When Counselors Go To Camp
Where do seasoned camp veterans go to learn more about camp? Why camp, of course! Camp Be’chol Lashon is the only majority multiracial Jewish camp in the world and more intimate than other Jewish camps but last week, Camp Be’chol Lashon (CBL) staffers Michael DeYoung (right) and Jonah Tobin (left with Rabbi Avi Orlow) attended the Foundation for Jewish Camping’s Cornerstone Seminar to be with hundreds of other camping professionals. We caught up with Jonah to hear about his experience and what he is taking back to CBL this summer –there are still spots available if you want to join us!
BL: Welcome home Jonah, how was it living with 400 other Jewish camp folks?
Tobin: It was great. I really did not know what to expect. I did not realize it would be at a camp. It was camp for counselors but instead of just having fun we also did a lot of learning.
BL: Did you learn things that you will be taking back to CBL this summer?
Tobin: We each had to choose a specialty track. I chose Israeli dance, which I’m looking forward to sharing with the campers this summer. But it was about more than just dancing, it was about engaging campers and getting them involved and that is what camp is about. We also learned a lot of new games and icebreakers.
BL: Any particularly good new ones?
Tobin: There was one with mirrors which I think really relates to CBL’s mission. First we looked in the mirror and had to write a reflection about what we saw in ourselves. Most people really concentrated on the external and lots of people highlighted insecurities. But then we worked with a partner and the partner had write about what they saw and mostly they wrote about our character and how we act in the world. It was connected to the Jewish text that teaches you are supposed to love your neighbor like you love yourself. This is a big part of CBL, how you see yourself, how others see you.
BL: What do you see as the mission of Camp Be’chol Lashon?
Tobin: I think the goal of camp is to teach kids that to strengthen the Jewish community it does not matter how Jewish you are or what you look like, the important thing is that we are all responsible one for the other and we all need to look out one for the other.
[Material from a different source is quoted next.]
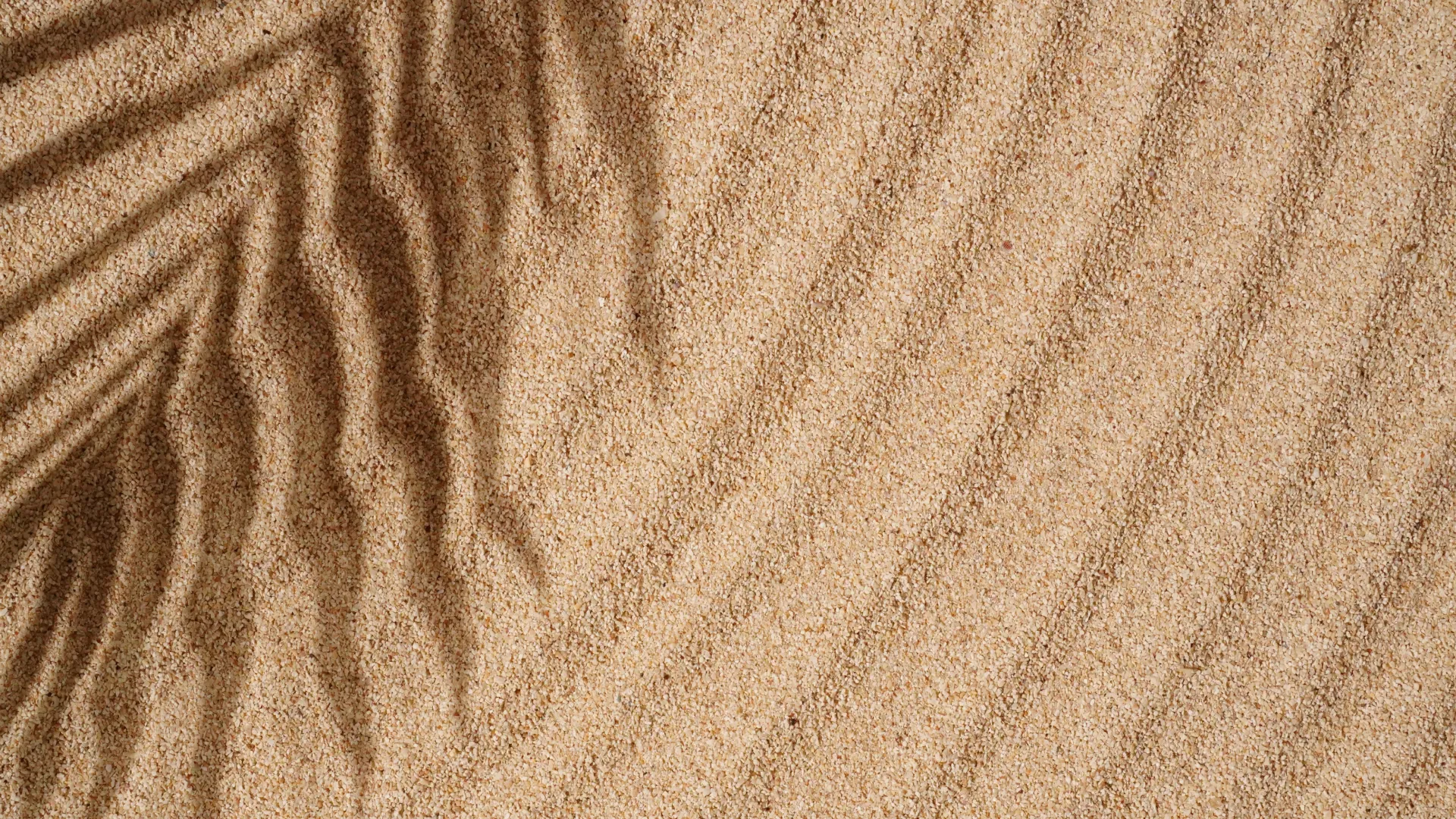 Dr. Hedayati performing mole and unwanted lesion excision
BL: You recently transitioned from being a camper to being part of the staff at CBL how was that for you?
Tobin: It is different being a counselor, is kind of like having a bar mitzvah. The torched passed on and you have to step up and teach even though you still are learning. I have set a good example, help the campers be their best self, take care of the younger ones. There is a lot of trust placed in me. The little ones are really looking up to me.
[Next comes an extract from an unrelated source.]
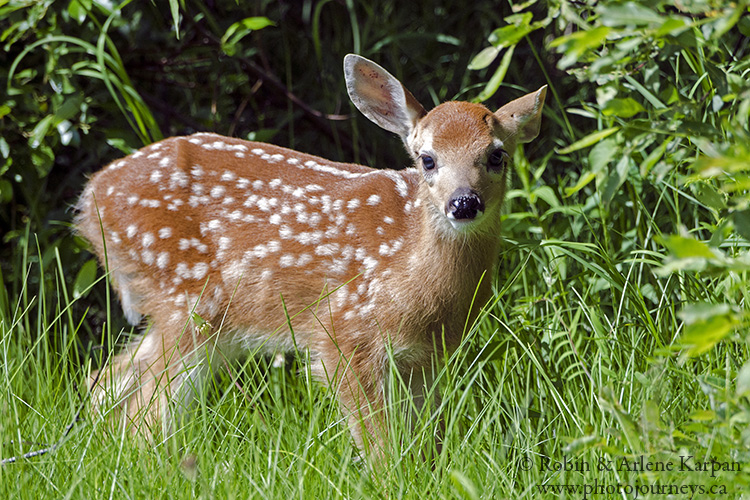 fawn, Saskatchewan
BL: Were there other Jews of color at Cornerstone?
Tobin: There were a few. As a Jew of color, I often stand out. One of the things I like about CBL is that I don’t stand out there. It is good to have a space where other people get you and can really relate to your experience. Jews of color are often in the position of educating others about our Jewish experience. Our goal at camp is for our kids to feel good about that.
BL: What did the other Jews of color at Cornerstone think when they learned about CBL?
Tobin: They were surprised. Most of them didn’t know there were spaces for where Jews of color are the majority. They wished they had had a place like this growing up.